> MATERIAL PROVIDED
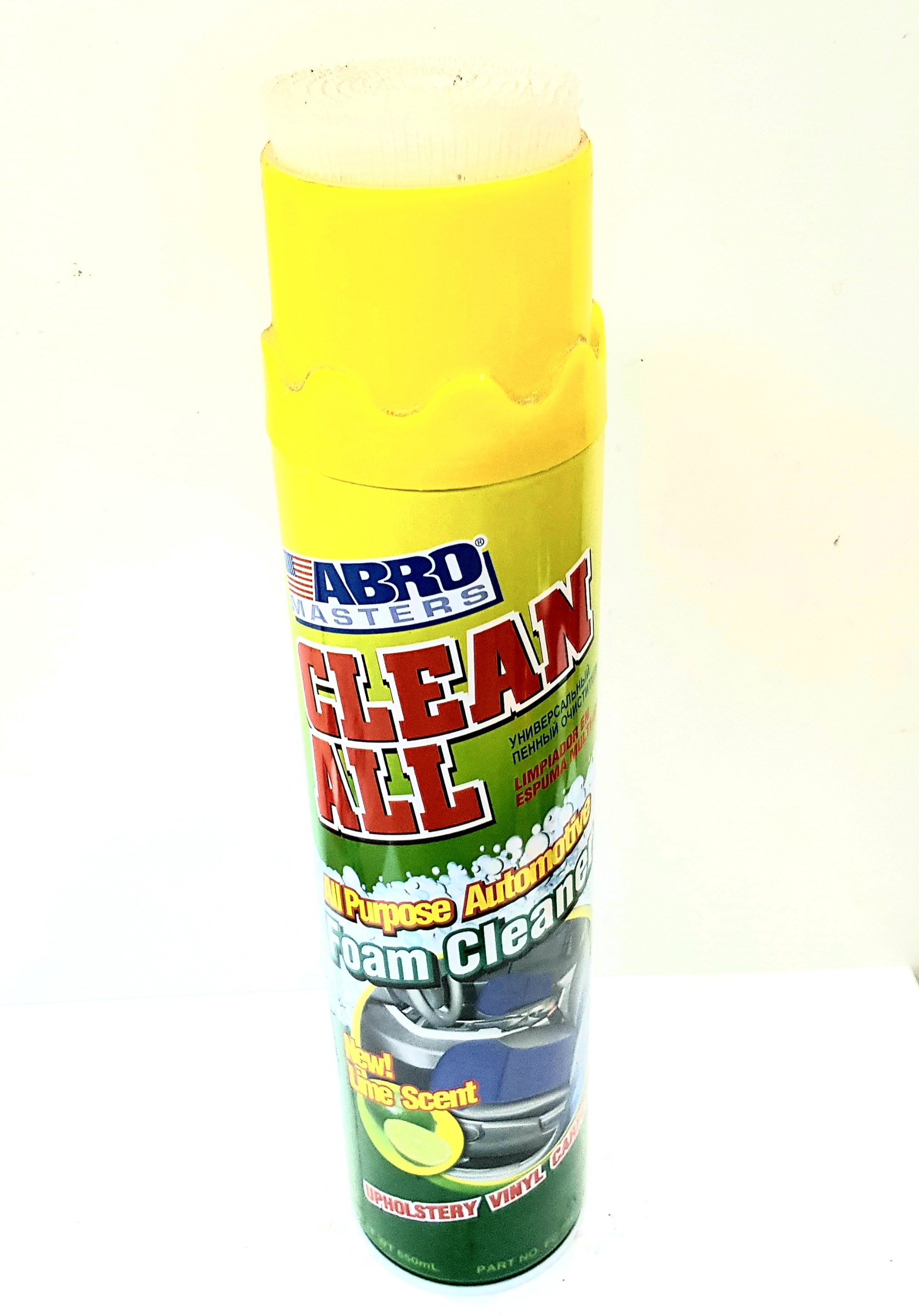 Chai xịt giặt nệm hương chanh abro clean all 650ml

==

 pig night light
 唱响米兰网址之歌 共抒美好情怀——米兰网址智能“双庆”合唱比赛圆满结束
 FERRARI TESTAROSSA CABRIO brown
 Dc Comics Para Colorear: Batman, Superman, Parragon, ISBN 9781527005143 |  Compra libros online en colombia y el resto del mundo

> ACTIVITY
Beginning at the line above that contains "pig night light", return each line exactly through the line that contains "Dc Comics Para", and no others.

> YOUR RESPONSE
 pig night light
 唱响米兰网址之歌 共抒美好情怀——米兰网址智能“双庆”合唱比赛圆满结束
 FERRARI TESTAROSSA CABRIO brown
 Dc Comics Para Colorear: Batman, Superman, Parragon, ISBN 9781527005143 |  Compra libros online en colombia y el resto del mundo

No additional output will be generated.